The use of LPG in auto sector, however, created a new dimension in the market. Despite over 440% increase in prices, LPG still remains almost at 60% of petrol which is the competitive fuel. This, however, is almost forcing out the domestic consumers. An official statement quoted the caretaker prime minister as saying that the interest of the consumer has to be given foremost priority and, therefore, it would be better if the price of such a commodity of daily use is driven by market forces of demand and supply rather than notification by the government. Government, however, has also directed the OGRA to keep a close watch on supply and prices of LPG to ensure un-interrupted supply of LPG in far-flung areas at reasonable prices. According to the Secretary of Petroleum and Natural Resources, LPG share in the country's energy consumption has increased from 0.4% last year to 0.5% this year and around 1.5 million households are using LPG fuel for cooking and heating purposes, while the main user of this type of fuel is the automobile sector.
Use of LPG as domestic fuel is being encouraged to slow the ongoing deforestation in the areas where supply of natural gas is technically not feasible. LPG is also being increasingly used in cars, pickups, rickshaws and even motorcycles in areas where CNG is not available due to the absence of natural gas distribution network. The supply of LPG was streamlined with its distribution at affordable prices, promoting healthy competition and ensuring safety standards across LPG supply chain. The custom duty at 5% imposed on the import of LPG has been waived to further enhance availability of LPG. The LPG marketing companies have planned to import approximately 50,000 M.T during 2007-08.

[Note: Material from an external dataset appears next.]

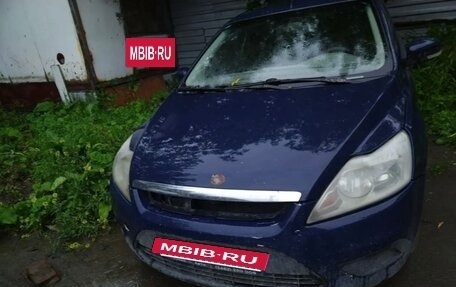 Ford Focus II рестайлинг, 2008 год, 180 000 рублей, 9 фотография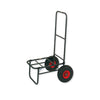Carro metálico con ruedas inflables Lineaeffe 6538005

Keeping in view the popular demand of small cylinders, the Oil and Gas Regulatory Authority (OGRA) needs to take appropriate measures to encourage the LPG marketing companies to introduce small-sized LPG cylinders and make safe arrangements by setting up separate mini-filling centers at major consumption hubs. After decision of the Cabinet to allow use of LPG in the auto sector it is imperative that proper mechanism may be evolved for establishment of LPG re-fuelling stations.
Presently, more than 100 LPG marketing licenses have been issued by OGRA and if all these companies are allowed to appoint distributors to establish LPG re-fuelling stations it may create safety hazards. Many industry experts believe that only LPG marketing companies themselves should establish LPG re-fuelling stations after getting license from the OGRA. OGRA should also enhance safety standards, rules and procedures and make them in line with the international best practices for regulating this sector. Despite clear instructions of the government, the marketing companies are not marketing mandatory quota of LPG in the said areas and are diverting their product to selective urban consumption centers. In this regard, OGRA should ensure that the marketing companies take appropriate measures to implement the aforesaid decision to ensure smooth availability of LPG on equitable basis. Moreover; there is a need to lay down certain guidelines for public sector producers to make transparent allocations. There is also a need to protect the LPG consumers from unreasonably high prices of LPG. It is, therefore, imperative that OGRA exercises its powers under Rule 18 of the LPG (P&D) Rules, 2001 for regulation of LPG prices.